He appreciates and responds well to a streamlined schedule: Eat, sleep, play, destroy, aggravate, enchant, repeat.
He knows what he likes, knows what he doesn’t and couldn’t care less if your view differs. He can be difficult, bewitching, charming, offer stinging criticism, appear emotionally detached and be overtly affectionate. At the same time. I have no idea where he gets it from.
He loves to wear costumes, do wheelies on his two wheel bike and steal my kitchen utensils. Today on his daily bike ride he wore his glow in the dark skeleton costume, a flame-stickered bike helmet, and carried both a lime reamer and a garlic press in his pocket. The garlic press had been missing for days, and was later returned to the drawer without comment, but smelled oddly of garden soil and worm intestine.

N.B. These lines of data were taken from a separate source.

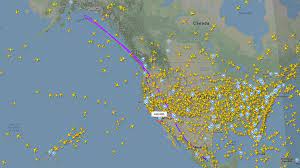 Vuelos baratos de cuba a méxico desde 159 € (17/07/21). El Misterio Del Avion Que Viajaba A Seul Volo Sobre Eeuu Y Canada Y Aterrizo En Tijuana Infobae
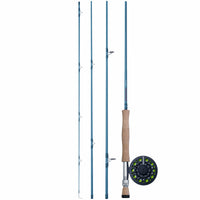 Cañas Redington CrossWater 2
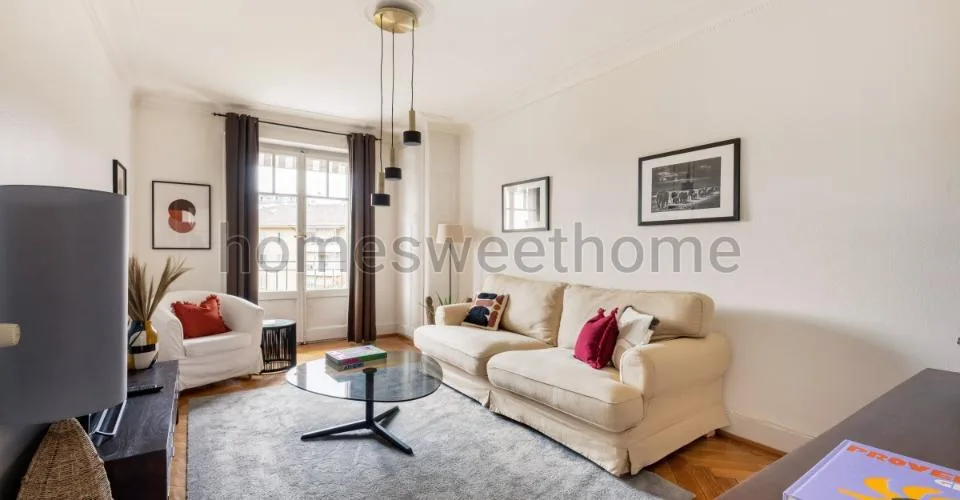 Appartement 4 pièces Liotard (rue) – Foto 3 von 8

He tells me he loves me and that I am his “best friend” countless times every day, and loves it when I read to him from my history textbook. That boy knows more about the Russian Revolution, The Grand Exchange, or the King’s Great Matter than many of my classmates. Especially that weird guy who wears his pajamas and a floor length black oilcloth duster to class.
When it comes to his wardrobe, I’ve stopped offering explanations as to his appearance. Luckily, his teachers are kind and understanding, and find it “charming” that he wants to wear his John Deere T-shirt, camouflage cargo pants and assorted bits of various costumes from Halloween’s past 5 days a week. My daughter needs a different pair of jeans for every day of the month. My son needs two pairs of pants, total. He’d be happy with one, but by bribing him with orange Tic Tacs I was able to get him to agree to an extra pair for when the first are crusted with pancake syrup, play dough and hamster poop.
I was hoping that Santa would deliver some new clothes for him at Christmas, but so far his only request is “a long, really sharp stick with some kind of propeller thingy on the end to chop stuff up.”
I am asking Santa for a military grade triage first aid kid and a cask of tequila.
They say that there is a special place in heaven for mothers of sons.
The vast majority of days, I love earning my wings.